Honeoye Falls–Lima High School (HF–L) is a public high school located 14 mi south of the city of Rochester in the village of Honeoye Falls, New York, United States.

==Awards and recognition==
In 2016, the Honeoye Falls–Lima High School was named a National Blue Ribbon School by the U.S. Department of Education.

The school was ranked 360th in the country (a Gold Medal School) by U.S. News & World Report in its 2017 high school rankings. The school was also ranked 44th in New York High Schools and 140th in STEM High Schools. The school has been consistently listed as a Gold Medal School.

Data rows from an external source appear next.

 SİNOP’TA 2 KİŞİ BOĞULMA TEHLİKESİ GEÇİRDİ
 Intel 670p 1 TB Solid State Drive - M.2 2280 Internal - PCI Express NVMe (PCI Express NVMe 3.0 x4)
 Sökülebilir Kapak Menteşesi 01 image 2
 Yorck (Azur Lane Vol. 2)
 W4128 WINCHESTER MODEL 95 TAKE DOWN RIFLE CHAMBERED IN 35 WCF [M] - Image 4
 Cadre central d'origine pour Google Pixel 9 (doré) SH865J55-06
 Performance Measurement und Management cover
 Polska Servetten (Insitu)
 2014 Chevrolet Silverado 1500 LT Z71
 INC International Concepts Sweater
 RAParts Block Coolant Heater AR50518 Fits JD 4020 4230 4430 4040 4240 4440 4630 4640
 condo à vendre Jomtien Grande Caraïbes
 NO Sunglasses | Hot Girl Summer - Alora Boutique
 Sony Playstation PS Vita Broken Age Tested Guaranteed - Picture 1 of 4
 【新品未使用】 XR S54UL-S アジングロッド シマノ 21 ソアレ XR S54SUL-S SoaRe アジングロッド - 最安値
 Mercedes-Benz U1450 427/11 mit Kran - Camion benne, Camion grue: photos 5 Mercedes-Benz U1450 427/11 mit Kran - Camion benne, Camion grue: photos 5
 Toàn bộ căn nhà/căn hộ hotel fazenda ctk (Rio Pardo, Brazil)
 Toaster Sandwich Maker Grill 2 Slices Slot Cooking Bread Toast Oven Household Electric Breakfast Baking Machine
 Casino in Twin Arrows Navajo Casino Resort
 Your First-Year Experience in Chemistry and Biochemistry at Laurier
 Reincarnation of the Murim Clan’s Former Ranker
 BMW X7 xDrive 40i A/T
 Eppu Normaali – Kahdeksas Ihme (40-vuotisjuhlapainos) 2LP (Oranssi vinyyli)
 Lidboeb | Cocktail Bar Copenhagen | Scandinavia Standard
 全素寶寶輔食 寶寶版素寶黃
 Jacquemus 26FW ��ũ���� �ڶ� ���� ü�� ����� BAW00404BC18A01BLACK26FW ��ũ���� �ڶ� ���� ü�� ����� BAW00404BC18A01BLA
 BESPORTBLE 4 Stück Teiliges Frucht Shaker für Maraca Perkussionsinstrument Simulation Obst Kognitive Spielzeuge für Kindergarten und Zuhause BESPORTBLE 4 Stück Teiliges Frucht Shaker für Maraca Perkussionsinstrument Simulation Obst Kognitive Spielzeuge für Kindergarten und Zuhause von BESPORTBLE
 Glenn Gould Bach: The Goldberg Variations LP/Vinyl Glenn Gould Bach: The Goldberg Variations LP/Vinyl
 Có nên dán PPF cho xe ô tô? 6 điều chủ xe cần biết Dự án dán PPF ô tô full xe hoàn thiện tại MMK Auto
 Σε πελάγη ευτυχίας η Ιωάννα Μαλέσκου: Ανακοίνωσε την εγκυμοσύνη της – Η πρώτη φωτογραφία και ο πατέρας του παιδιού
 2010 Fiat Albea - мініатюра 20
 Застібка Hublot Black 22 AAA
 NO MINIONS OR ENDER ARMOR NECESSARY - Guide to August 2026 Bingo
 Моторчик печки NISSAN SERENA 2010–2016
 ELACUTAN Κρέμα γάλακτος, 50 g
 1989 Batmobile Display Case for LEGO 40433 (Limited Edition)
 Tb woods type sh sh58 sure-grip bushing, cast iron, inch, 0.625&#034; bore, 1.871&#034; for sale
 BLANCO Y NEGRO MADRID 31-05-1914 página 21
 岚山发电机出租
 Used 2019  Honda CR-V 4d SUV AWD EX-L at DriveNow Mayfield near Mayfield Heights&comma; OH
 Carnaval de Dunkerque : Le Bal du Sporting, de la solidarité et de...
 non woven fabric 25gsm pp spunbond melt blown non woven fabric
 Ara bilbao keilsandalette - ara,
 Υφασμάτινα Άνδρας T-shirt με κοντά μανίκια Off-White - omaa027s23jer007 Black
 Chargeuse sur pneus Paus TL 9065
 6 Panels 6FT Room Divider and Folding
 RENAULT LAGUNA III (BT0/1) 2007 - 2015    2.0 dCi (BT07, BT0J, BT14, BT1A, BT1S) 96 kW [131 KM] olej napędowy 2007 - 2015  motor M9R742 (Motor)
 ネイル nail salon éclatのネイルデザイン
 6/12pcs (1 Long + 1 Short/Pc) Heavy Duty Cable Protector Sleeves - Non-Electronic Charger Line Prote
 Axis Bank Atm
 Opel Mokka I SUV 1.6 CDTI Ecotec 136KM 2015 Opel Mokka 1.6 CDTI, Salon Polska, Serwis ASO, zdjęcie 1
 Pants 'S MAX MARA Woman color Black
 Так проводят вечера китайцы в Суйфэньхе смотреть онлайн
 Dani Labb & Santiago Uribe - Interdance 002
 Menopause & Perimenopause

The school was ranked in 411th place nationwide in Newsweek's 2013 America's Best High Schools, listing the Top 2,000 High Schools in The United States.

== Curriculum ==
Every student at Honeoye Falls-Lima is involved in a college preparatory curriculum. Honors and Advanced Placement sections exist in each of the curricular disciplines.

== Athletics ==
HF–L has taken part in the sectional and state tournaments of the New York State Public High School Athletic Association since 1978. In the fall season, HF–L offers football, volleyball, soccer, girls' tennis, and cross country. In the winter season it offers wrestling, basketball, hockey, alpine skiing, Nordic skiing, and swimming. In the spring season, HF–L offers baseball, golf, lacrosse, boys' tennis, softball, and track and field. The rowing team competes in both the fall and spring seasons.